Given records:
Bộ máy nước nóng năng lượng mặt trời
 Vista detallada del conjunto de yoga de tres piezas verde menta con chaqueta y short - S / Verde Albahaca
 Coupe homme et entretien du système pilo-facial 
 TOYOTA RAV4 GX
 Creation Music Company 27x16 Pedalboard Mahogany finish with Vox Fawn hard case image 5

--

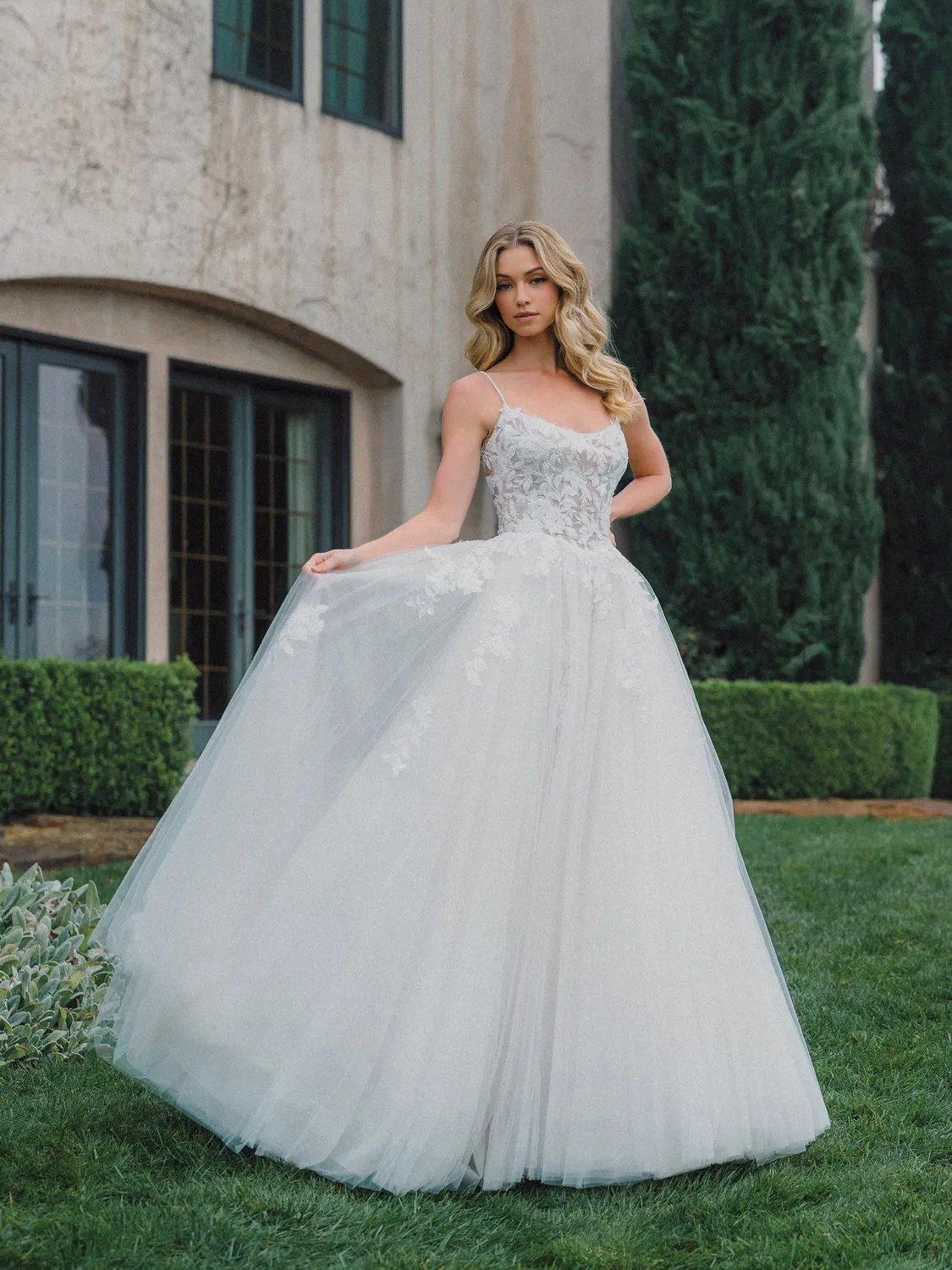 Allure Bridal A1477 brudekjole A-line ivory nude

* * *

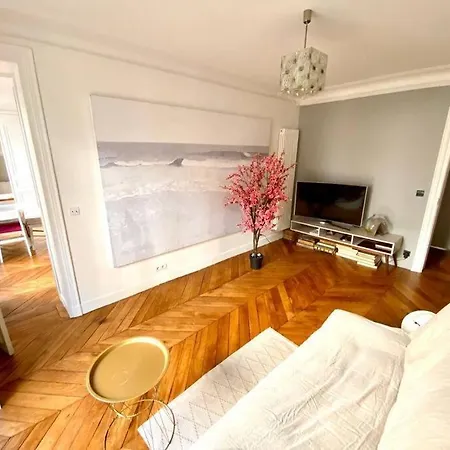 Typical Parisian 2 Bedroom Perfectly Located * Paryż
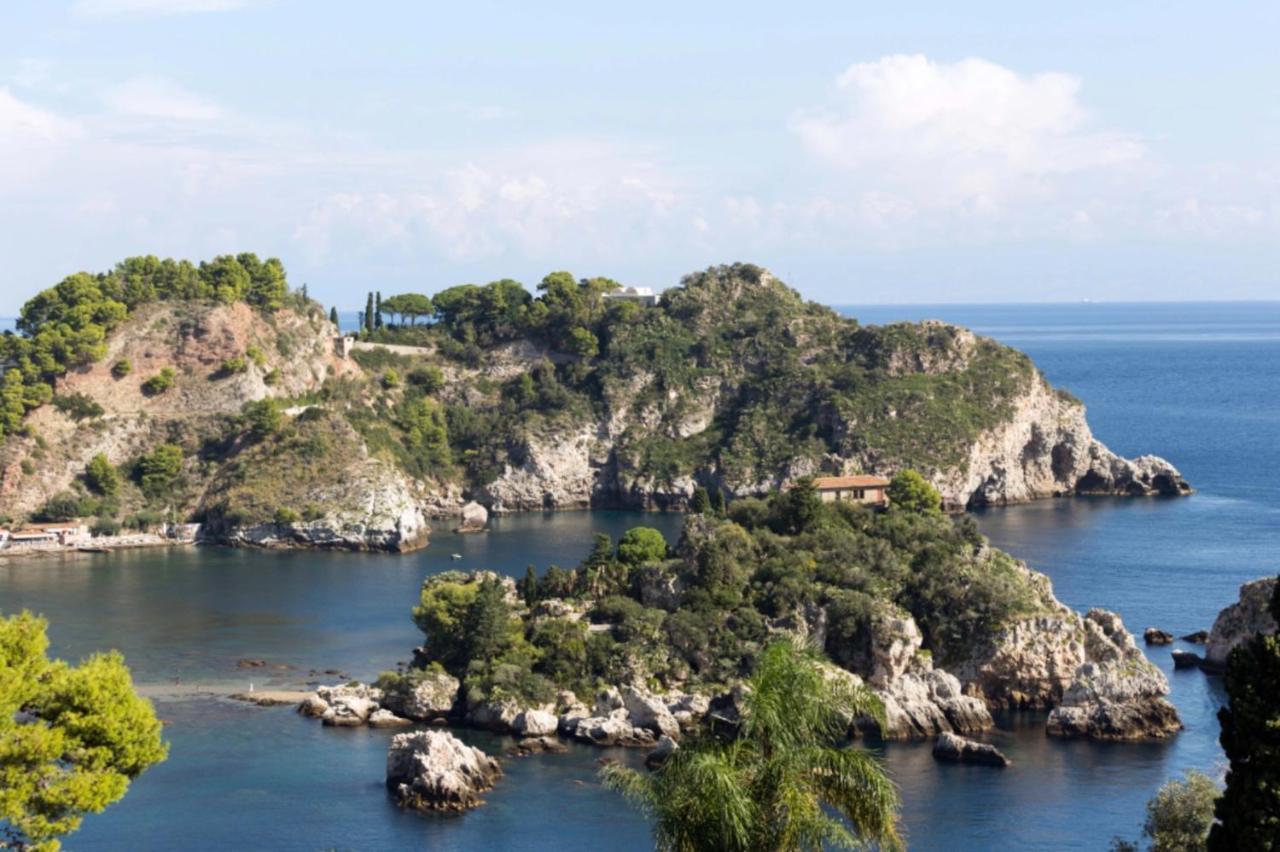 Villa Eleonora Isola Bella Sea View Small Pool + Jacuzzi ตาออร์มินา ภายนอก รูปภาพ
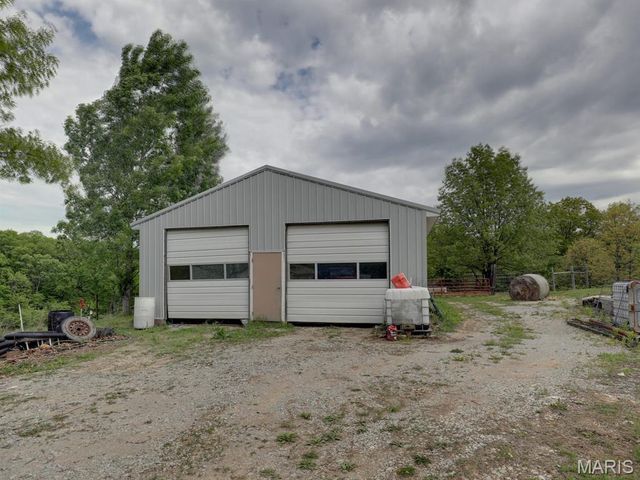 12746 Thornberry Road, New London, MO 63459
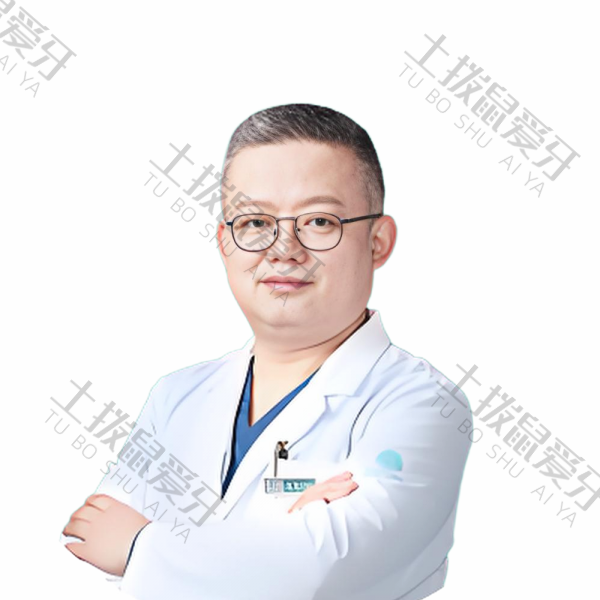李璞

Work request: Transcribe the records above exactly, beginning at the line that contains "Bộ máy nước nóng năng lượng mặt trời" and ending with the line that contains "Creation Music Company", both included, and nothing else.

Result for this task:
Bộ máy nước nóng năng lượng mặt trời
 Vista detallada del conjunto de yoga de tres piezas verde menta con chaqueta y short - S / Verde Albahaca
 Coupe homme et entretien du système pilo-facial 
 TOYOTA RAV4 GX
 Creation Music Company 27x16 Pedalboard Mahogany finish with Vox Fawn hard case image 5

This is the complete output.